STUDY MATERIAL:
##########

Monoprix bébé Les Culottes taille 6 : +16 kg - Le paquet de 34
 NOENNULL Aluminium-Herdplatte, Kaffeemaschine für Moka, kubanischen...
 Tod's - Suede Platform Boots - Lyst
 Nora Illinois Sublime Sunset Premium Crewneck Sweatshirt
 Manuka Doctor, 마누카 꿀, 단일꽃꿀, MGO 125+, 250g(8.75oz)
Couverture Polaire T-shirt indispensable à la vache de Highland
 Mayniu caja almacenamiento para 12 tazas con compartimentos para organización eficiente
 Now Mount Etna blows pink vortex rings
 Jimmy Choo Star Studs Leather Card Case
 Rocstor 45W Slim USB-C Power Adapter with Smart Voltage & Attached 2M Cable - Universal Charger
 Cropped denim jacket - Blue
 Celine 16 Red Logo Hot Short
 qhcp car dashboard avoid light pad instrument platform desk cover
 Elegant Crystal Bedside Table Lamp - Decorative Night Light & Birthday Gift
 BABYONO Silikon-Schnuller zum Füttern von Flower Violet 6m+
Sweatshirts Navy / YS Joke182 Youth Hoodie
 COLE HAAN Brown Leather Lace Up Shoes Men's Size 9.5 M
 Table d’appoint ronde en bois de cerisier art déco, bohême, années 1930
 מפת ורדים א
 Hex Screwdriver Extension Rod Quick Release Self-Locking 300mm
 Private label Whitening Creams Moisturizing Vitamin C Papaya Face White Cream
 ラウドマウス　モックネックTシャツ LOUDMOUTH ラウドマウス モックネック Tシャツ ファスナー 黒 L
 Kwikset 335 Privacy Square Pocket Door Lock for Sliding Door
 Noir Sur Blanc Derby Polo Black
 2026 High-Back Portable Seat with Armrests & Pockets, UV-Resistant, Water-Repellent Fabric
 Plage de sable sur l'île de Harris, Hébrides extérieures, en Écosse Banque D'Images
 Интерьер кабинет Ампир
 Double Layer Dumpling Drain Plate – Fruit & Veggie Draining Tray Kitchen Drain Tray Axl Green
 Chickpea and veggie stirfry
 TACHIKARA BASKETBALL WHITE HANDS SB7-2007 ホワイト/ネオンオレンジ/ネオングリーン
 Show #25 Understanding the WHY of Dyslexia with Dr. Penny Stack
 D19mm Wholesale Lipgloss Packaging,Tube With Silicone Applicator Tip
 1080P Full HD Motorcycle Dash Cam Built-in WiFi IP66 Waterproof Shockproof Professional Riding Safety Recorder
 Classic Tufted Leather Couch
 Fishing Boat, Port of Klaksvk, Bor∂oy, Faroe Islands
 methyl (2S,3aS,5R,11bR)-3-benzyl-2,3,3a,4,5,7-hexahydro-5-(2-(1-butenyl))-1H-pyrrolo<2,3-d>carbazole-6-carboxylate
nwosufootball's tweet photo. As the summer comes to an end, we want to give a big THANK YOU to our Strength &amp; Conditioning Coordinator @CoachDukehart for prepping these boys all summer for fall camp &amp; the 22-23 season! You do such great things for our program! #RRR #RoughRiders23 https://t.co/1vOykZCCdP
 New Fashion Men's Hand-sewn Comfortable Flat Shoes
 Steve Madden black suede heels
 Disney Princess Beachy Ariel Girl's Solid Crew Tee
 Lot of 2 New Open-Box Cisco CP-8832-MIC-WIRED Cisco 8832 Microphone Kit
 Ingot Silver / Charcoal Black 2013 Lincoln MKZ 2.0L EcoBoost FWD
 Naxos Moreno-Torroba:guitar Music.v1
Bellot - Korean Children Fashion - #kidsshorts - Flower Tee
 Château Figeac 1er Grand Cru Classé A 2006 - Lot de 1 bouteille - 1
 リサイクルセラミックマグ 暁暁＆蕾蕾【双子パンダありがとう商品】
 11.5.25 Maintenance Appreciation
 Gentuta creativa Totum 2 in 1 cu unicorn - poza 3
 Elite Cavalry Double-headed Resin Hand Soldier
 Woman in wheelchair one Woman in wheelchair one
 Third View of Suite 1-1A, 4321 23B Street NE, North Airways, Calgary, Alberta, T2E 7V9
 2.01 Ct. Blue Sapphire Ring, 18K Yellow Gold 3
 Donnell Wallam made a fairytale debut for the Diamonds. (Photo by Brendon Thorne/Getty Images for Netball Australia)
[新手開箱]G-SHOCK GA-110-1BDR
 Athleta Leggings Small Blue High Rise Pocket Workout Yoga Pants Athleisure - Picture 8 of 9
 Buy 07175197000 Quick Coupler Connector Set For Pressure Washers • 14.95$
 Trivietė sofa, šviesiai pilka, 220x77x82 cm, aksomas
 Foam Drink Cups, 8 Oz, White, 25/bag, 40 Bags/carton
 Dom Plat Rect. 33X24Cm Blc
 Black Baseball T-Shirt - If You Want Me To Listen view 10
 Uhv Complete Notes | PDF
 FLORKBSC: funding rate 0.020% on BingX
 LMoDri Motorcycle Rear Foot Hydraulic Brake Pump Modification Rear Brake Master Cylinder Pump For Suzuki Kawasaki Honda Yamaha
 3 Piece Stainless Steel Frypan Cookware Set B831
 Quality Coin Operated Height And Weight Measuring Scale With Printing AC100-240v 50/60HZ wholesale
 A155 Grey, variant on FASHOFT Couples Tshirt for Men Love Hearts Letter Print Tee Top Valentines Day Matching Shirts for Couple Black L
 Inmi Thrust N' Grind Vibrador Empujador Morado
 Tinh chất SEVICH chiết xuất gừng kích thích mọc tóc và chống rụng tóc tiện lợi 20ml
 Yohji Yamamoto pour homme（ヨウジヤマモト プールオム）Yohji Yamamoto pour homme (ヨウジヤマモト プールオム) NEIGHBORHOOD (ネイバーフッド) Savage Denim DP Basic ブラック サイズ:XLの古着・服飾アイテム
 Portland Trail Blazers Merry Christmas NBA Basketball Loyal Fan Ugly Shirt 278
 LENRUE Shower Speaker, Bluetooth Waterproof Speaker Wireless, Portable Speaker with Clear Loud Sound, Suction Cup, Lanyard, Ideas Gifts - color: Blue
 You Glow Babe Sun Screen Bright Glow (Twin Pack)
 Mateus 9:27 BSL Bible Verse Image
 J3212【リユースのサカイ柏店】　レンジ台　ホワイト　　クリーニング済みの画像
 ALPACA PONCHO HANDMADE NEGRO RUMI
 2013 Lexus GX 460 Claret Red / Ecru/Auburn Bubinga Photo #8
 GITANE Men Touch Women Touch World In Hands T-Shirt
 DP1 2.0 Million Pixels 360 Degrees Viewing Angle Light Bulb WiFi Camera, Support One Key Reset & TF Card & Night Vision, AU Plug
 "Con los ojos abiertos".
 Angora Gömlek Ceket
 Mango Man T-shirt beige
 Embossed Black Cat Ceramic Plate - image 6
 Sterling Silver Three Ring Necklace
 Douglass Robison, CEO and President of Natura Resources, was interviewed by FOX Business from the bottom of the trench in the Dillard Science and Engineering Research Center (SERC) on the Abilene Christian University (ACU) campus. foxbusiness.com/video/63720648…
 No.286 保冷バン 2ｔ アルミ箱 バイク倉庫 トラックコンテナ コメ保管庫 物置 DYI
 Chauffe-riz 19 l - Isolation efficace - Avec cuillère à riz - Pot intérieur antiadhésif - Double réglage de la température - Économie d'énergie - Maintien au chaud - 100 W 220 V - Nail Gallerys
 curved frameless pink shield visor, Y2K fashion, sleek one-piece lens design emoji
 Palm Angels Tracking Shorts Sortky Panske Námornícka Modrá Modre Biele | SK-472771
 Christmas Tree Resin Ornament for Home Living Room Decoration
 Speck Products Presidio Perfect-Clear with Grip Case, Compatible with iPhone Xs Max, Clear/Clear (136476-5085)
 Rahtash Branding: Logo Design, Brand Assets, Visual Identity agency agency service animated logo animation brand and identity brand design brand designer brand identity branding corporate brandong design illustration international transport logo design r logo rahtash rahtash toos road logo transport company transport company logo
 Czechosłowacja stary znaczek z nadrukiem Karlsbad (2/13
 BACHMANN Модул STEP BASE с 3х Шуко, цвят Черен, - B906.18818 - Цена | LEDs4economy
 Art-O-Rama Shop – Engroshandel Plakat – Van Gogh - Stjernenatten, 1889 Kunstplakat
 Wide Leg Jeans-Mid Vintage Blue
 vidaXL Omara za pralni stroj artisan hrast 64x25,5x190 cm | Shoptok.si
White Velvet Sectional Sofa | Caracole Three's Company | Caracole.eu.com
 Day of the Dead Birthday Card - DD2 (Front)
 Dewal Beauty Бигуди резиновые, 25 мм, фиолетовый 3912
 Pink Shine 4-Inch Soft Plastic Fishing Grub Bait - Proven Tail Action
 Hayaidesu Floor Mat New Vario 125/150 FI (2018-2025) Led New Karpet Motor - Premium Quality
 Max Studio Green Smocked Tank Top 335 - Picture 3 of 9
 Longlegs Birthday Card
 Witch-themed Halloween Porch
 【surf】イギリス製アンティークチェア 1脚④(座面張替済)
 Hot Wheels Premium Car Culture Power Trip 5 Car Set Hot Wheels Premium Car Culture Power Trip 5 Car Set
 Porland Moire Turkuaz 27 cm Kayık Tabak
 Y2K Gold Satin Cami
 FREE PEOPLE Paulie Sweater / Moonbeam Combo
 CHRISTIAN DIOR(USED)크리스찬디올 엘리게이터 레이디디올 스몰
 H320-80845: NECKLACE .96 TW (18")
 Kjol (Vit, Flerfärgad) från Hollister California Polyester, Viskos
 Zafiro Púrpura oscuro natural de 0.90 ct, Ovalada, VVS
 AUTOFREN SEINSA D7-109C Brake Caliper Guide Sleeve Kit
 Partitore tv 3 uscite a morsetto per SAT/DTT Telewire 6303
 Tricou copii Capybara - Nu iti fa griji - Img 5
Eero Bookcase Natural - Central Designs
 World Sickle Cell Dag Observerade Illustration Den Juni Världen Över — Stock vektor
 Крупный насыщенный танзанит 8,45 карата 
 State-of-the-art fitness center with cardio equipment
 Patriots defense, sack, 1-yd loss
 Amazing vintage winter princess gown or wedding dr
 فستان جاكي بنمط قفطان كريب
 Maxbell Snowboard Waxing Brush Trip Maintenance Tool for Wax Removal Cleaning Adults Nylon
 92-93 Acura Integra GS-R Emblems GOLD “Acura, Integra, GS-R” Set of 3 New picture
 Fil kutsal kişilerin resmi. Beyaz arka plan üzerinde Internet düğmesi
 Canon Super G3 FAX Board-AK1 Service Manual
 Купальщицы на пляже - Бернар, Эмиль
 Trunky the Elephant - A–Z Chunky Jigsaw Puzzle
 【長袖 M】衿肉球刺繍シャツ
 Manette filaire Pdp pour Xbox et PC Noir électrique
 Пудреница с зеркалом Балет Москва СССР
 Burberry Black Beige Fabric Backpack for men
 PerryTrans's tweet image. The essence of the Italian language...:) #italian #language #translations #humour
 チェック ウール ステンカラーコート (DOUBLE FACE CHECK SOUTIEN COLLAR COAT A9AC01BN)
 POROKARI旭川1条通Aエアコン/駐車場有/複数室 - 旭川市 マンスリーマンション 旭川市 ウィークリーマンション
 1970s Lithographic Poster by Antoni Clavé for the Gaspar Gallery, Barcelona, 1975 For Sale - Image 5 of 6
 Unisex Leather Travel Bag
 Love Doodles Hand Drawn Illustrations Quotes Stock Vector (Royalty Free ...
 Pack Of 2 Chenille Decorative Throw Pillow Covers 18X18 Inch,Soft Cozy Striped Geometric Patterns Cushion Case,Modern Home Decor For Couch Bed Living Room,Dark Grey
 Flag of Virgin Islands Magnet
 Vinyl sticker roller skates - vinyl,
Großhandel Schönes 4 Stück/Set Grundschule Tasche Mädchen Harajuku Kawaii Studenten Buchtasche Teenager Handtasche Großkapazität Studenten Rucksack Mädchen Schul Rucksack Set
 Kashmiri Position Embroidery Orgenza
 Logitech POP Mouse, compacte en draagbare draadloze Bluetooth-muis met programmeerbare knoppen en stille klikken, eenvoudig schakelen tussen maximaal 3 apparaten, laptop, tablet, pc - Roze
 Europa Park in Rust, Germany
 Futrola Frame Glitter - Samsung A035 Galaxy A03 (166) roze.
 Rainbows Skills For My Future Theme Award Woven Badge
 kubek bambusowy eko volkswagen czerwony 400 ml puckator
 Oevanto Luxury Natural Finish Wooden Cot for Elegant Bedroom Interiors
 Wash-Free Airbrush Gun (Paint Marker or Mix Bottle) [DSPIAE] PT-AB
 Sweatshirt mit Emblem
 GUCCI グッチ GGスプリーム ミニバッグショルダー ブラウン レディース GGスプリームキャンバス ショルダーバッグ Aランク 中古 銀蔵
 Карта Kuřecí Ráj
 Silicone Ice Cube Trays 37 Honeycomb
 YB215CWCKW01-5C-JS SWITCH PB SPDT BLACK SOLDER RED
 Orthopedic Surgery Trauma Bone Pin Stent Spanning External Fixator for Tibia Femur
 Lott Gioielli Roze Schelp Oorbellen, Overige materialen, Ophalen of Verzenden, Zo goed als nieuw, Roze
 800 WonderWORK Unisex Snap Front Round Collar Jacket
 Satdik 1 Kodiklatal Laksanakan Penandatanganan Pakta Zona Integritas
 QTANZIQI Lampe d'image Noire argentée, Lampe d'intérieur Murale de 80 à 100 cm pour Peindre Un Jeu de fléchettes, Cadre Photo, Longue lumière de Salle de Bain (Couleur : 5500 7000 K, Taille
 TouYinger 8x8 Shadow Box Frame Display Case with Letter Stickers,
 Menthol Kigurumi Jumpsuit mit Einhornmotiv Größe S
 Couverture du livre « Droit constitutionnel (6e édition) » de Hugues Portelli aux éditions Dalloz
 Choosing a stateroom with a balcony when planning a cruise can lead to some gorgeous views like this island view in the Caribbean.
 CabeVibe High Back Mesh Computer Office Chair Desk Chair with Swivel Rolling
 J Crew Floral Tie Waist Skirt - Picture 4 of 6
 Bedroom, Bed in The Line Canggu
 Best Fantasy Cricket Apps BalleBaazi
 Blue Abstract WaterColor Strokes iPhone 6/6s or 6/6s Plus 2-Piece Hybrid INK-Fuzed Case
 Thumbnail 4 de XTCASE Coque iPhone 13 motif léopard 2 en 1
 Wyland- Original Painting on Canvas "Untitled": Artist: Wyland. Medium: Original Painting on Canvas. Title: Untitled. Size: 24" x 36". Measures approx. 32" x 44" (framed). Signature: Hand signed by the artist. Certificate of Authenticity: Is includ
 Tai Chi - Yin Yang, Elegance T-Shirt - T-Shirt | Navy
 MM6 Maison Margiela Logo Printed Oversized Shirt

##########

WORK ORDER:
Search the listing above for lines containing "Quick", and copy them.

EXERCISE ANSWER:
 Hex Screwdriver Extension Rod Quick Release Self-Locking 300mm
 Buy 07175197000 Quick Coupler Connector Set For Pressure Washers • 14.95$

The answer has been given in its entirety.